* _ABOUT THIS TASK_: Everything from the line with "Shower head with water stream." down to the line with "a view of walk in closet with empty racks" below must be printed exactly, those two lines included. Exclude pictures.

* _RECORDS SHOWN_:
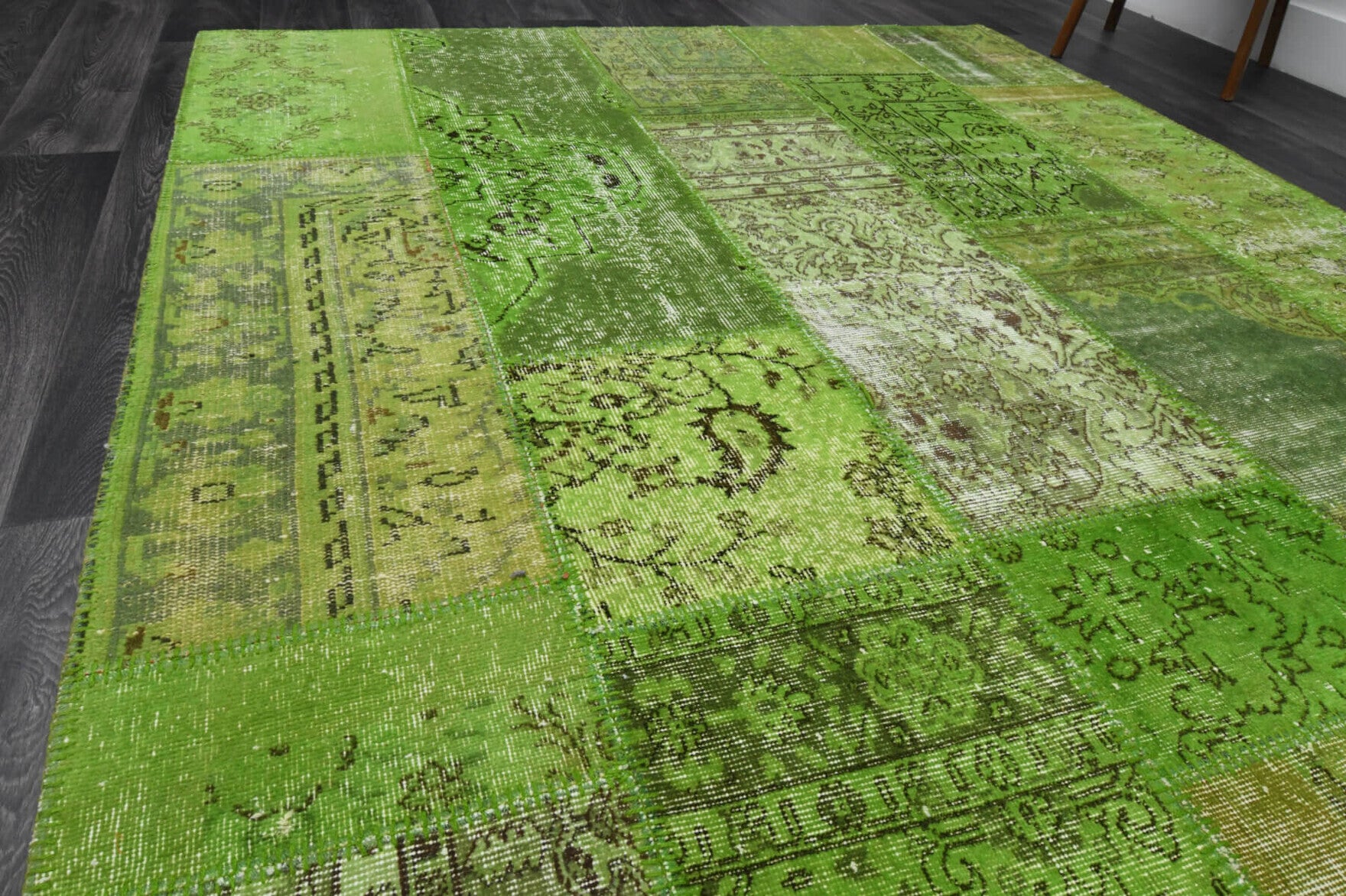 Chrysokome rug: 1960s handmade Anatolian rug with floral motifs and fabric backing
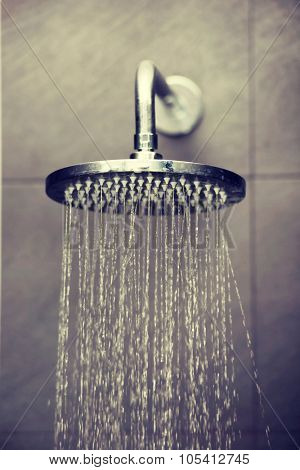 Shower head with water stream.
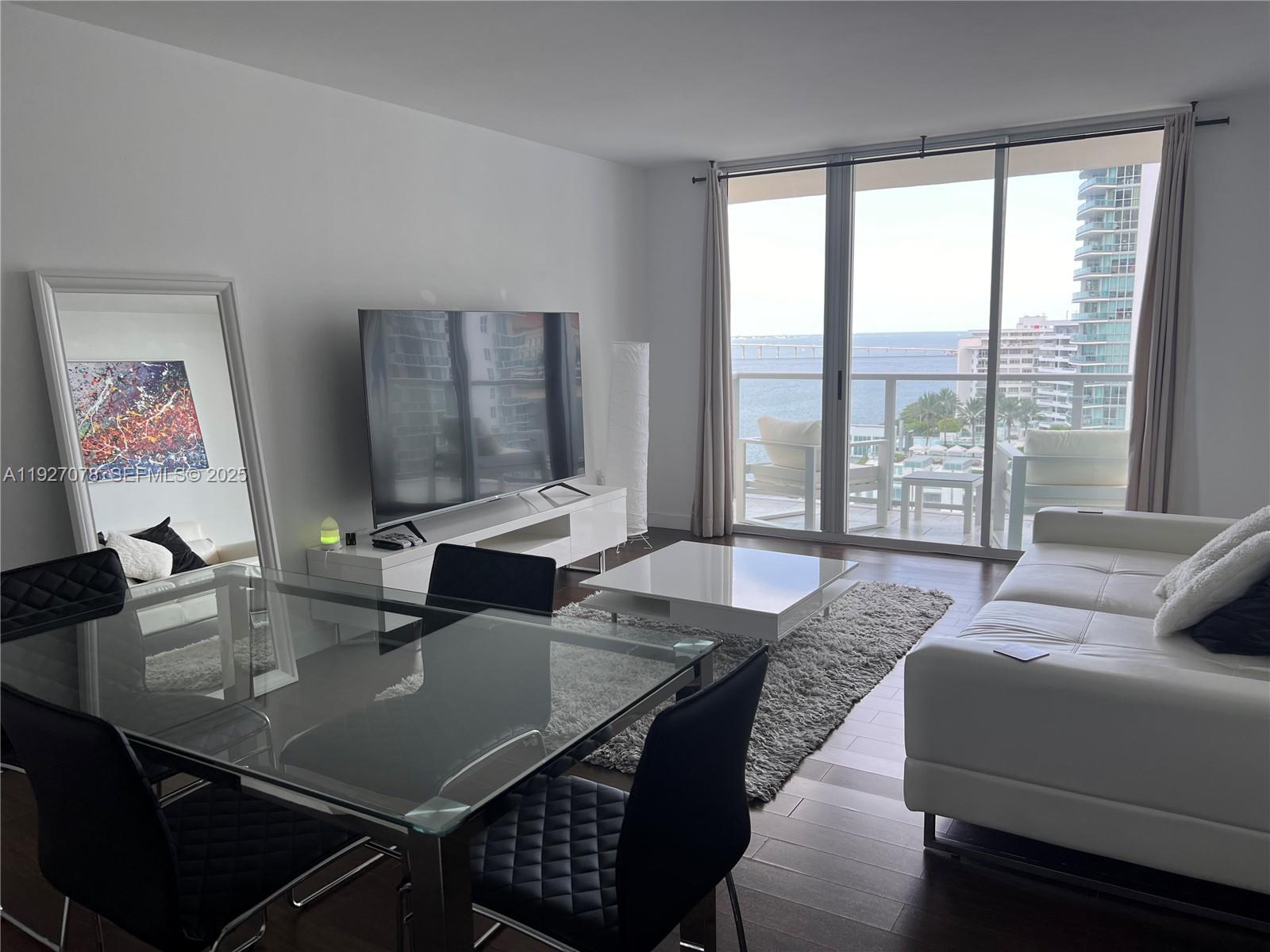 1155 Brickell Bay Drive, Unit 1607 Miami, FL 33131 - Photo 3 of 9 a view of a dining room with furniture and window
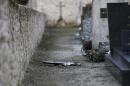 A crucifix is left lying on the ground next to graves at a cemetery in Tracy-sur-Mer, on the coast of Normandy on February 18, 2015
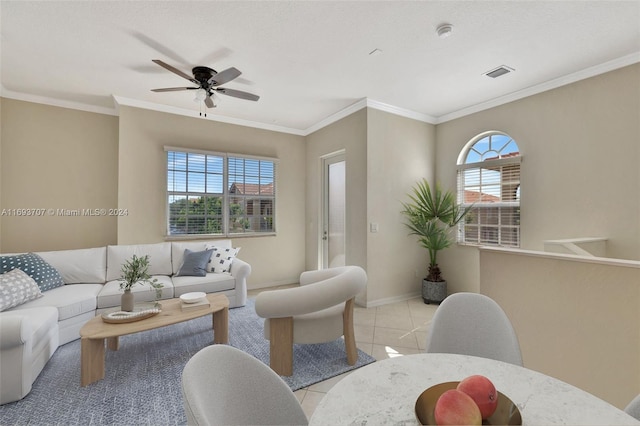 tiled living room with crown molding and ceiling fan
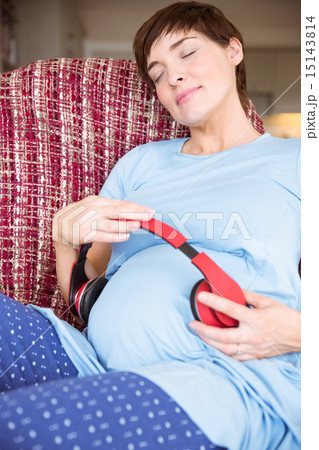 Pregnant woman relaxing on the couch Pregnant woman relaxing on the couch 15143814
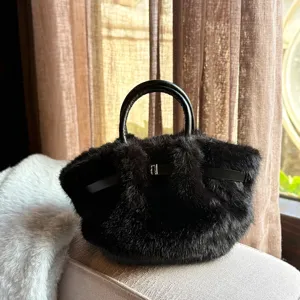 Detailansicht der schwarzen flauschigen Handtasche mit weicher Felltextur und Ledergriffen.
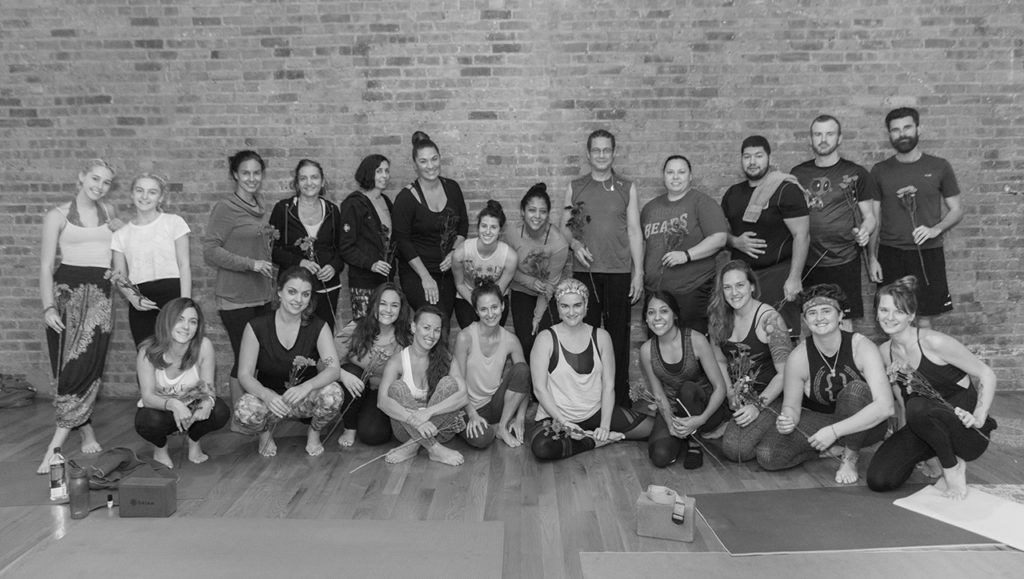 Yoga Workshop and class with Ilona Barnhart in Chicago IL. Brick wall at Loft Yoga Chicago and students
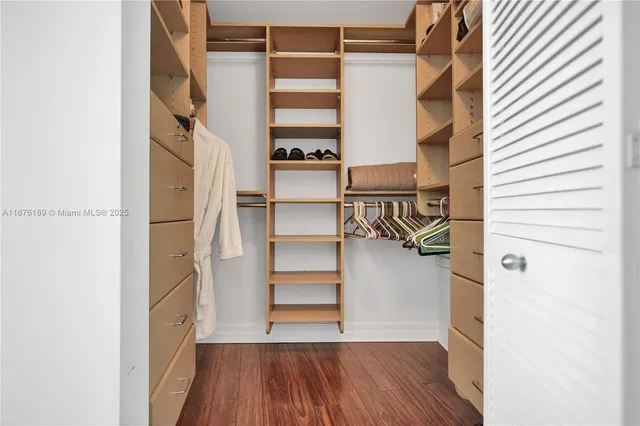 a view of walk in closet with empty racks
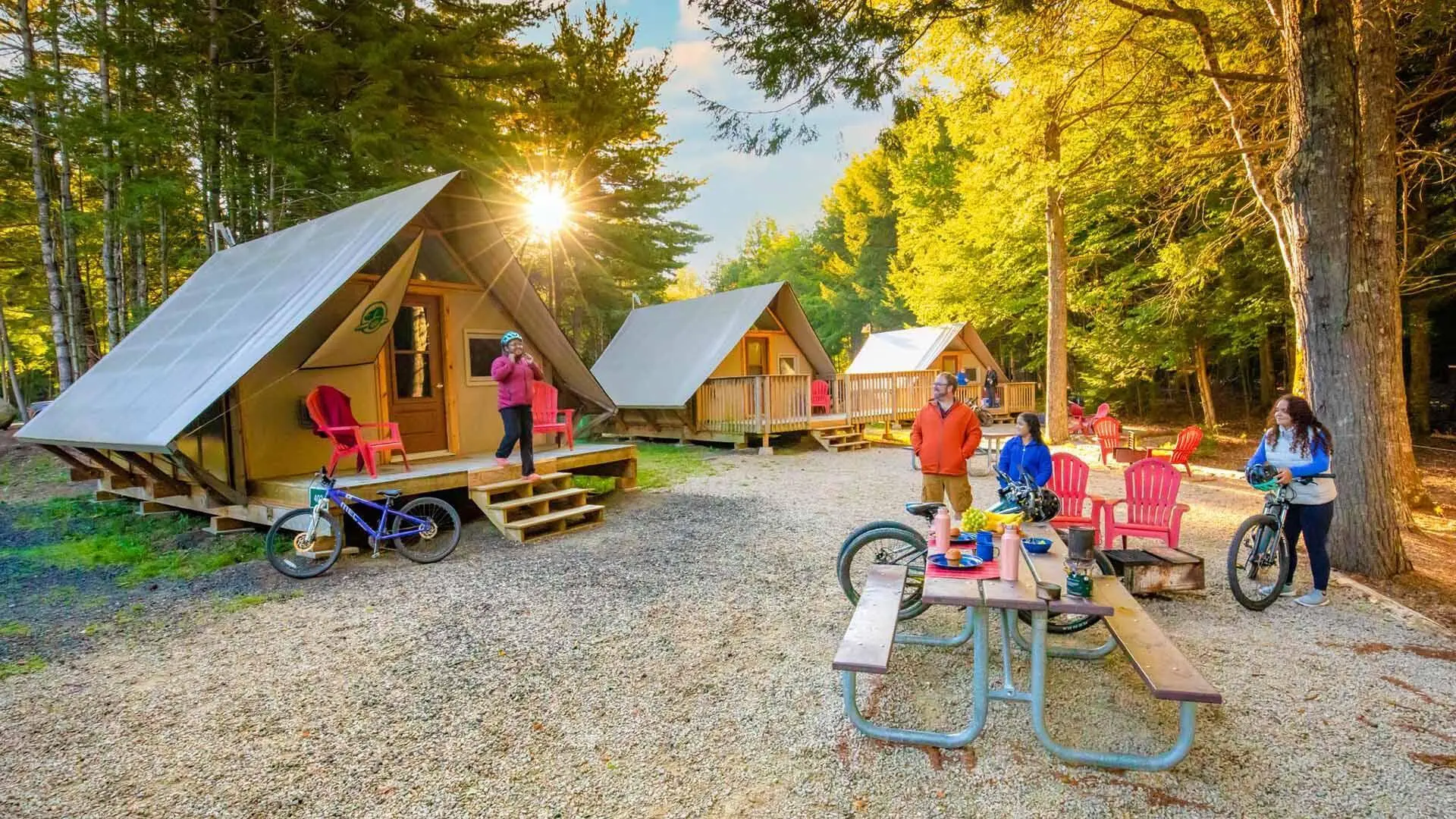 Family leaving their oTENTik accommodation to go biking in Kejimkujik National Park and National Historic Site.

* _WORKED SOLUTION_:
 Shower head with water stream.
 1155 Brickell Bay Drive, Unit 1607 Miami, FL 33131 - Photo 3 of 9 a view of a dining room with furniture and window
 A crucifix is left lying on the ground next to graves at a cemetery in Tracy-sur-Mer, on the coast of Normandy on February 18, 2015
 tiled living room with crown molding and ceiling fan
 Pregnant woman relaxing on the couch Pregnant woman relaxing on the couch 15143814
 Detailansicht der schwarzen flauschigen Handtasche mit weicher Felltextur und Ledergriffen.
 Yoga Workshop and class with Ilona Barnhart in Chicago IL. Brick wall at Loft Yoga Chicago and students
 a view of walk in closet with empty racks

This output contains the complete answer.